Hulke became Huxley's colleague at the Royal College of Surgeons. He was a long-time collector from the Wealden cliffs of the Isle of Wight, and his work on vertebrate palaeontology included studies of Iguanodon and Hypsilophodon from the Wealden (Lower Cretaceous). He became president of the Geological Society (1882–84); and was awarded Wollaston Medal in 1888. He was president of the Pathological Society of London in 1883, and president of the Royal College of Surgeons from 1893 until his death.

==Life==
Hulke was born in Deal, Kent, the son of a general practitioner. He was educated partly at a boarding-school in England, partly at the Moravian College at Neuwied (1843–1845), where he gained an intimate knowledge of German and an interest in geology through visits to the Eifel district. Of Dutch Reformed descent, and Calvinist leanings, he held strict views: "his Protestantism was of the intolerant kind". He got on well with Huxley, whose agnosticism was also rather strait-laced. After returning from Germany he entered King's College School, and three years later commenced work at the hospital. He qualified MRCS in 1852.

==Career==
In the Crimean War he volunteered, and was appointed (1855) assistant-surgeon at Smyrna and subsequently during the Siege of Sevastopol. On returning home he became medical tutor at his old hospital, was elected FRCS in 1857, and afterwards assistant-surgeon to the Royal Ophthalmic Hospital, Moorfields (1857), and surgeon (1868–1890).

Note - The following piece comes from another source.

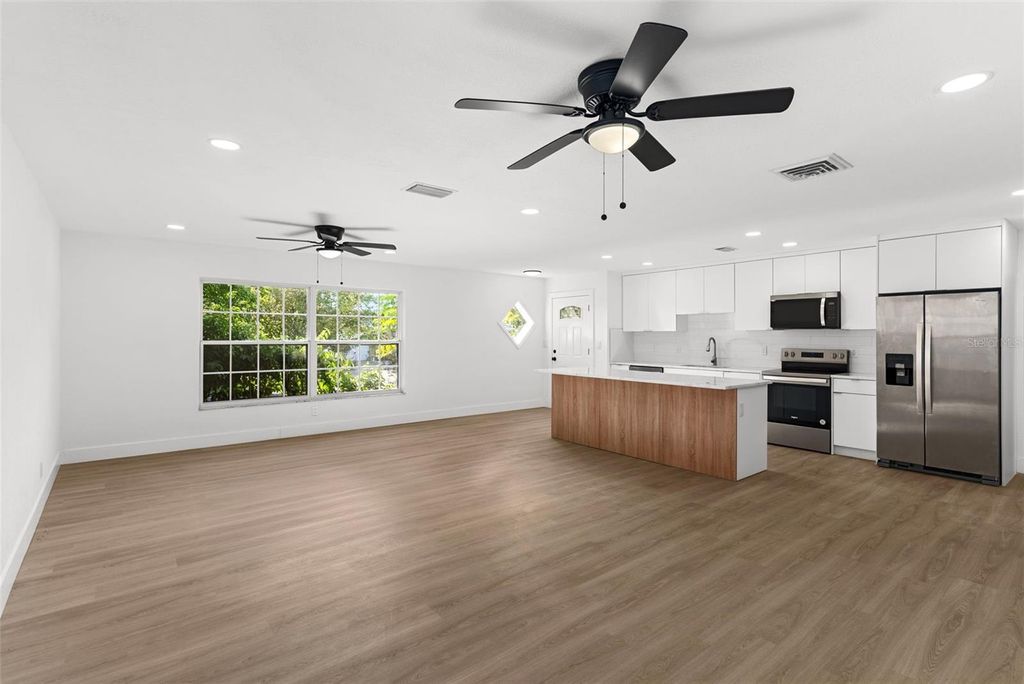 Photo of 2027 59th Street N, Clearwater, FL 33760 (MLS # C7506673)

In 1861, Hulke first described oculodermal melanosis (Nevus of Ota). In 1870 he became surgeon at the Middlesex Hospital, and here much of his more important surgical work was accomplished. His skill as an operator was widely known: he was an excellent general surgeon, but made his special mark as an ophthalmologist. As a geologist he attained a European reputation: he was elected FRS in 1867 for his researches on the anatomy and physiology of the retina in man and the lower animals, particularly the reptiles.

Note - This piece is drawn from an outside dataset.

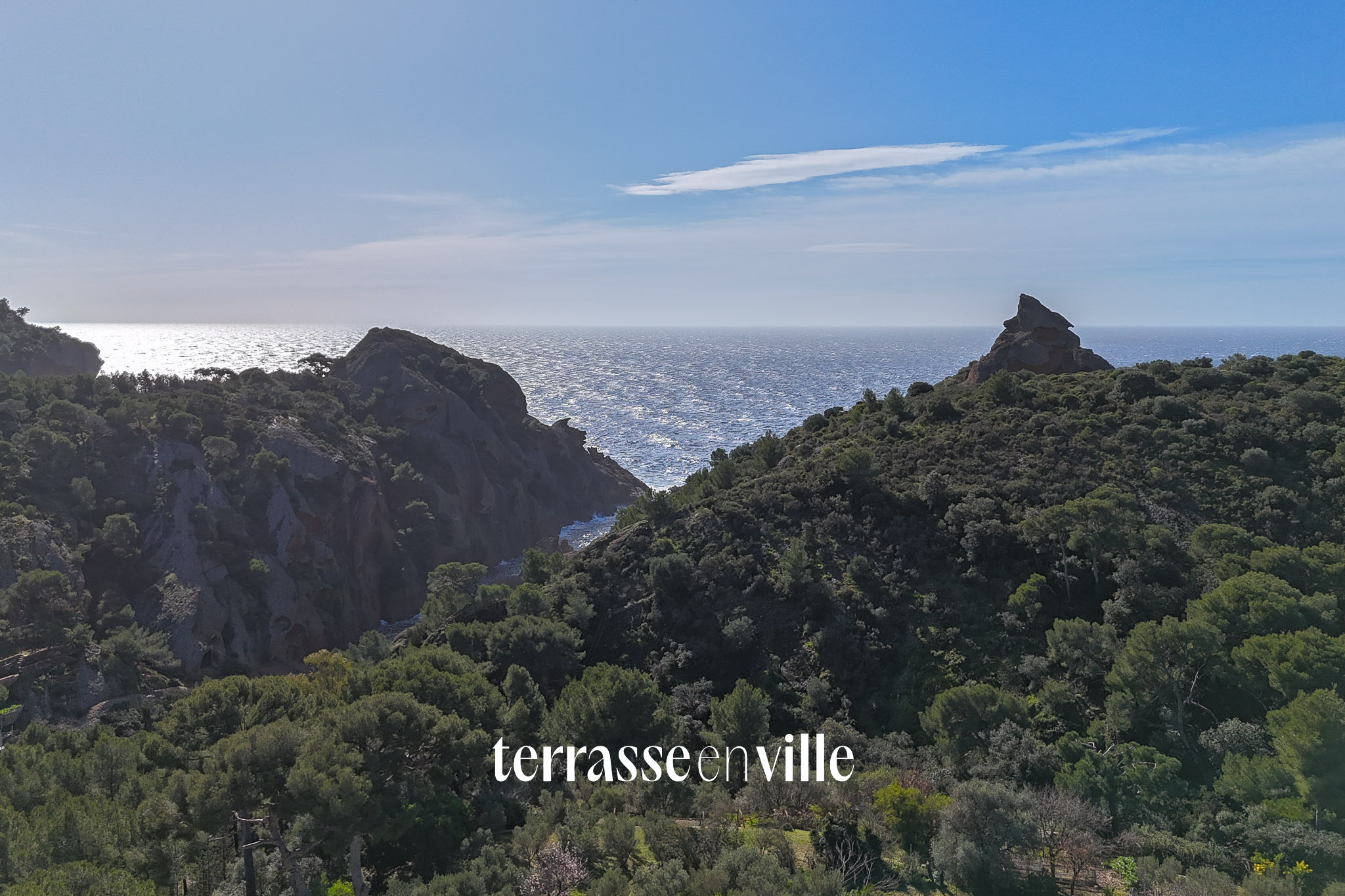 LA CIOTAT - FIGUEROLLES - MAISON FAMILIALE - T6 - 204 M2 + T2 40 M2 - PISCINE - PARCELLE 1041M2 - VUE MER - 1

He subsequently devoted all his spare time to geology and especially to the fossil reptilia, describing many remains of dinosaurs from the Isle of Wight. He had access to one of the best private collections of the day: that of Rev. W. Fox on the Isle of Wight. Hulke located a complete Iguanodon braincase in 1869, and offered it to Huxley to describe. Huxley was too busy, but helped Hulke prepare and describe it. Hulke published a string of papers in the Geological Society of London's Quarterly Review. In 1887 the Wollaston Medal was awarded to him by the Geological Society.

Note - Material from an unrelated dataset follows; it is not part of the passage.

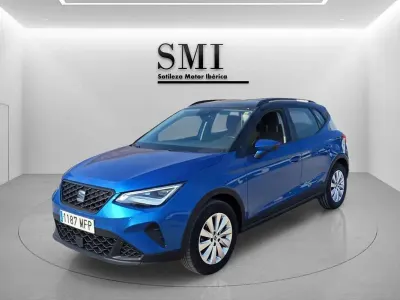 Usado Seat Arona Style 110 CV (80 kW) 2023 Azul SUV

He was president of both the Geological and Pathological Societies in 1883, and president of the Clinical Society from 1893 to 1895 and of the Royal College of Surgeons from 1893 until his death. He was a man with a wide range of knowledge not only of science but of literature and art. In all, he published over fifty papers, 28 on dinosaurs. After his death his collection was donated to the Natural History Museum. He delivered the 1891 Bradshaw Lecture at the Royal College of Surgeons on spinal fractures and dislocations.

He was due to read the Hunterian Oration at the Royal College of Surgeons just before his death in February 1895. In the event it was delivered on his behalf by past president Thomas Bryant.